1. ## Couple math problems

Need a little help with these two questions:

1. Find x so that the distance between (-3,2) and (x,1) is the square root of 5.

Next I had a triangle, needed to find x. Used the pythagorean theorem and got this:

x^2 + 81 = x^2 + 6x + 9

Not sure what to do there, but I know it's basic algebra.

Any help is appreciated.

2. Originally Posted by amw9490
Need a little help with these two questions:

1. Find x so that the distance between (-3,2) and (x,1) is the square root of 5.

Next I had a triangle, needed to find x. Used the pythagorean theorem and got this:

x^2 + 81 = x^2 + 6x + 9

Not sure what to do there, but I know it's basic algebra.

Any help is appreciated.
Hi amw9490,

I'm sure you know the distance formula:

$\displaystyle d=\sqrt{(x_2-x_1)^2+(y_2-y_1)^2}$

Substitute your two points: (-3, 2) and (x, 1)

$\displaystyle \sqrt{5}=\sqrt{(x+3)^2+(1-2)^2}$

$\displaystyle \sqrt{5}=\sqrt{x^2+6x+9+1}$

$\displaystyle \sqrt{5}=\sqrt{x^2+6x+10}$

$\displaystyle 5=x^2+6x+10$

$\displaystyle x^2+6x+5=0$

$\displaystyle (x+5)(x+1)=0$

$\displaystyle \boxed{x=-5 \ \ or \ \ x=-1}$

3. Originally Posted by amw9490

Next I had a triangle, needed to find x.

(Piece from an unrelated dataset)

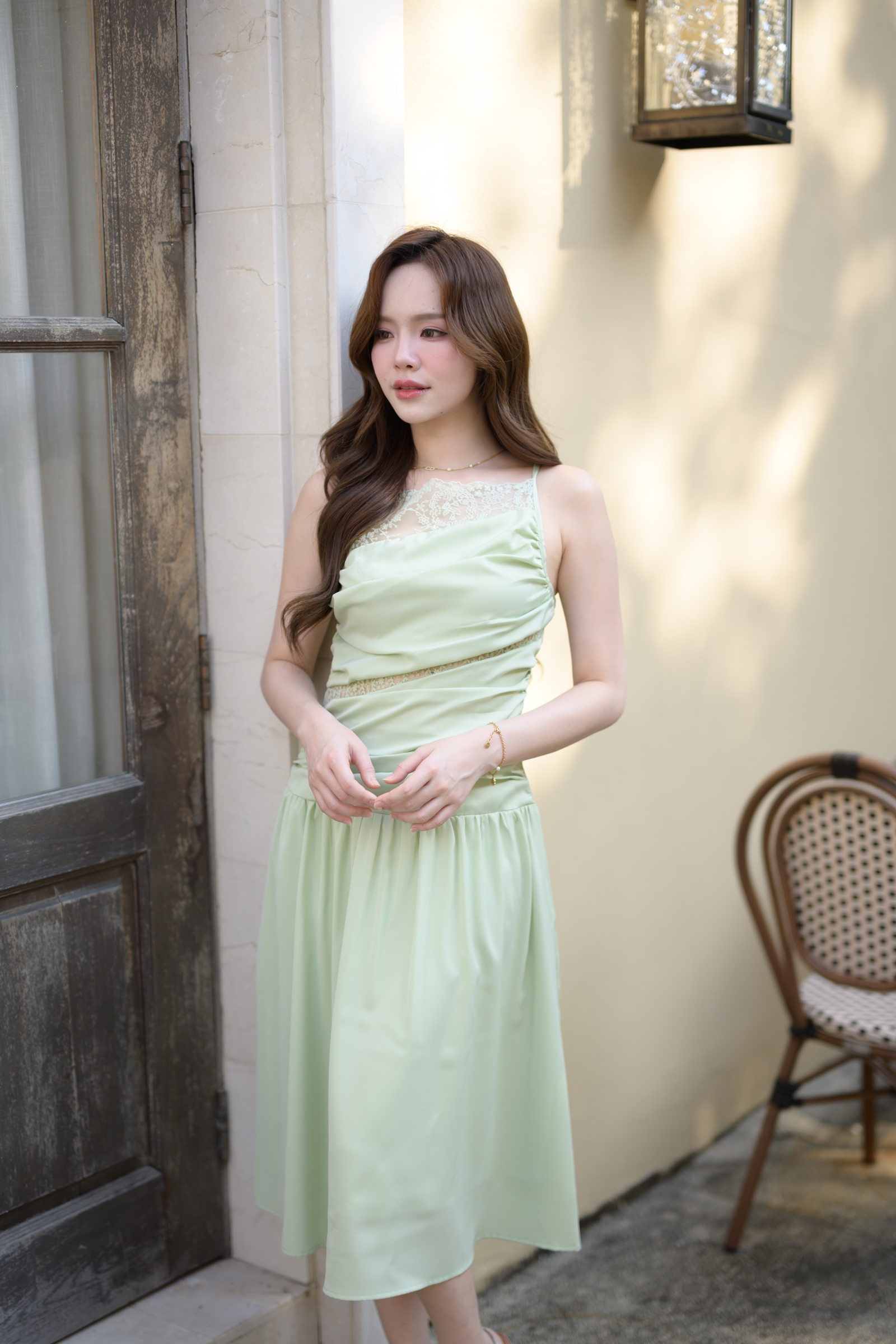 Elise Draped Lace Midi Dress : สีเขียว [Made by Pastel Time]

Used the pythagorean theorem and got this:

x^2 + 81 = x^2 + 6x + 9

Not sure what to do there, but I know it's basic algebra.

Any help is appreciated.
Assuming what you have done up to this equation is correct, we have

$\displaystyle x^2+81=x^2+6x+9$

If we subtract $\displaystyle x^2$ from both sides we end up with

$\displaystyle 81=6x+9$

Subtracting 9 from both sides, we get

$\displaystyle 72=6x$

And dividing both sides by 6, we arrive at

$\displaystyle 12 = x$